В Баку особое положение

В тот самый бесконечный ноябрьский день 1988 года будто нарыв лопнул. Выплеснулось озлобление, страх. А потом армия и ВВ заработали по-настоящему. И насилие стало спадать. Все же не хухры-мухры, а район ОП.

У меня до сих пор где-то пропуск лежит — разрешено передвижение в тёмное время суток — в комендантский час, с двадцати двух до пяти часов. Есть пропуск — идёшь спокойно. Нет пропуска — тебя задерживают, досматривают, и до утра в кинотеатр — их использовали как обезьянники. Да оно и понятно — кино-то крутить запретили.

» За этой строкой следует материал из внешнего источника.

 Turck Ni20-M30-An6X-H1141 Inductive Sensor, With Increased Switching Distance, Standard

Запретили митинги, собрания, демонстрации, кульмассовые мероприятия. Испытанное древнее правило — больше трёх не собираться.

Транспорт ходил неважно, многие автобусы и такси передали в распоряжение военных комендатур. И однажды бойцы ВВ разогнали дубинками остановку — люди долго ждали автобуса и были приняты за злобных повстанцев.

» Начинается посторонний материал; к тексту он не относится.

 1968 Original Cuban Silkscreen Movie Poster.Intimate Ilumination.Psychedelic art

Винные магазины закрыты. Я тогда постоянно мотался в Тбилиси, и стандартно по заказам товарищей тащил оттуда ящик вина и ящик лимонной водки. Иначе не выжить.

Правда, был ещё спекулянтский район Кубинка в центре Баку — старенькие одноэтажные домики, что-то вроде московской Марьиной Рощи, где народ простой, пять минут постой, и карман пустой. Говорили, что там можно подводную лодку купить. Приходишь туда, отдаёшь десятку, тебе выносят бутылёк. Пользовались от безысходности, употребляли тогда в свободное время неплохо так, некоторые мои сослуживцы до сих пор не вышли из той алкогольной эйфории.

К танкам на перекрёстках и солдатам, как ни странно, народ привык быстро. Сцена — стоит Т-72, вокруг вальяжные солдатики ходят. А к ним местные девочки липнут, играются малолетние пацаны. Цветы на броне.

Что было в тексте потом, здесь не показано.